Question time in the House of Commons of Canada, colloquially referred to as Question Period, and formally known as Oral Questions, occurs during each sitting day in the House of Commons. The questions may be posed to either the prime minister of Canada, or any minister of the Cabinet of Canada.

In addition to the House of Commons of Canada, question period is also a convention that is practiced in the various legislative bodies of the provinces and territories of Canada. Like the federal House of Commons, Question Period in the Legislative Assembly of British Columbia, Legislative Assembly of Manitoba, and the Legislative Assembly of Ontario is formally known as Oral Questions.
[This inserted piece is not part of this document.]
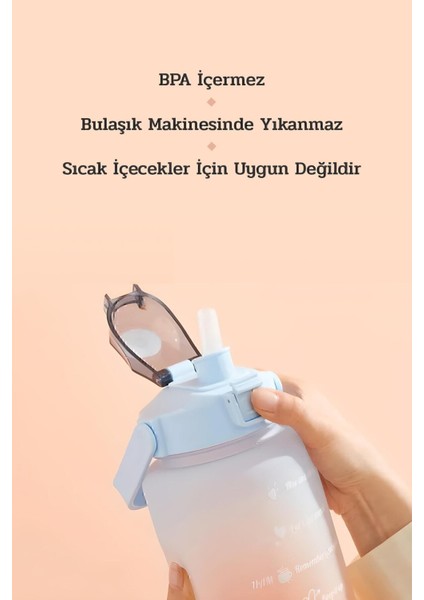 Eldorado 3lü Set Bpa Içermez Motivasyonel Su Matarası Mavi Su Matarası,su Şişesi,suluk fırsatları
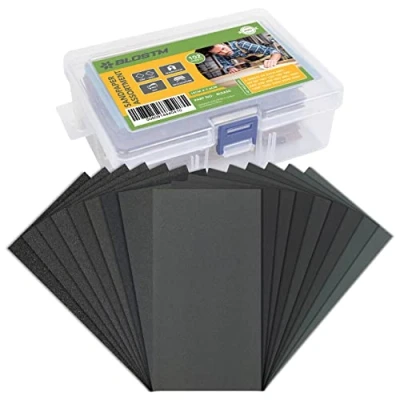 Abbildung von BLOSTM Schleifpapier Set 102 Stück Fein bis Grob Körnung von 60 3000 für Holz &amp; Metall 3 x 5.5 Zoll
In the Quebec National Assembly, the practice is called Oral Questions and Answers.

===Ireland===
In the Oireachtas, Ireland's parliament, questions are asked in Dáil Éireann, the lower house, to which the government of Ireland is responsible. The Ceann Comhairle (speaker) has wide discretion on allowing questions, which are directed to the minister in charge of the relevant Department of State. A question may be answered by any cabinet minister due to cabinet collective responsibility, or by a (non-cabinet) Minister of State at the relevant Department of State. Questions requiring departmental research may not have an answer available within the three-day notice period; these tend to be submitted for written rather than oral response. The Ceann Comhairle may permit a supplementary question to an oral response. Reforms in 2016 at the start of the 32nd Dáil created separate time slots for different types of question, and empower the Ceann Comhairle to demand a further response if the initial one is deemed inadequate.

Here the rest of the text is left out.